While at Tech, Bartholomew was a Two-Time NAIA All-American, WHAC Player of the Year, Two-time First-Team All-Conference, WHAC Newcomer of the Year, All-Newcomer Team member and multiple time WHAC and NAIA Player of the Week.

==Professional career==
Bartholomew went undrafted in the 2012 NBA draft. On November 2, 2012, he was selected in the fifth round of the 2012 NBA D-League draft by the Tulsa 66ers. In November 2013, he was re-acquired by the 66ers.

Bartholomew (6–8, 230, Indiana Tech) totaled double-digit points 11 times in his first season, posting an average of 5.4 points, 4.7 rebounds and 15.6 minutes in 47 games (three starts). Bartholomew scored a career-high 21 points on 10-for-10 shooting from the field in Tulsa's regular season finale against Fort Wayne on April 6.

Jan. 20, 2014 - Rodney Bartholomew of the Tulsa 66ers was today named NBA Development League Performer of the Week for games played Monday. Bartholomew, a 6–8, 235-pound forward from Indiana Tech led Tulsa to a 2–0 record last week, including back-to-back road wins over the Bakersfield Jam and Los Angeles D-Fenders. For the week, he averaged an NBA D-League best 32.0 points (on 68-percent shooting from the floor) to go with 16.0 rebounds. On Jan. 18, Bartholomew scored 32 points and grabbed 17 rebounds helping the 66ers to a 114–110 win.

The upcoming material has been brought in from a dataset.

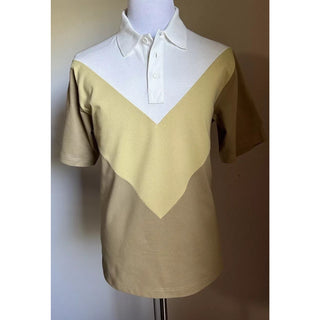 Bottega Veneta Men Cotton Piquet Polo Shirt White/Yellow/Brown Size M New $700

The next night, he finished with 32 points and 15 rebounds in a 128–112 win over the D-Fenders. With the two games, Bartholomew became the first player in 66ers history to record 30 or more points and 15 or more rebounds in back-to-back games. The honor is the first for Bartholomew, who is averaging 11.2 points and 7.9 rebounds this season. Other top performers considered include Idaho's Dee Bost, Santa Cruz's Seth Curry, Maine's Frank Gaines, Sioux Fall's Justin Hamilton, Iowa's Othyus Jeffers, Springfield's Justin Johnson, Sioux Fall's DeAndre Liggins, Austin's Flip Murray, Rio Grande Valley's Gary Talton, and Los Angeles' Terrence Williams.

Bartholomew, totaled double-digit points 28 times and 15 double-double in his second season, posting an average of 12.2 points, 8.2 rebounds and 27.4 minutes in 43 games (25 starts). Bartholomew career-high in this season are 32 points and 19 rebounds.

Bartholomew was invited to the New Orleans Pelicans Summer League Mini Camp in June 2014.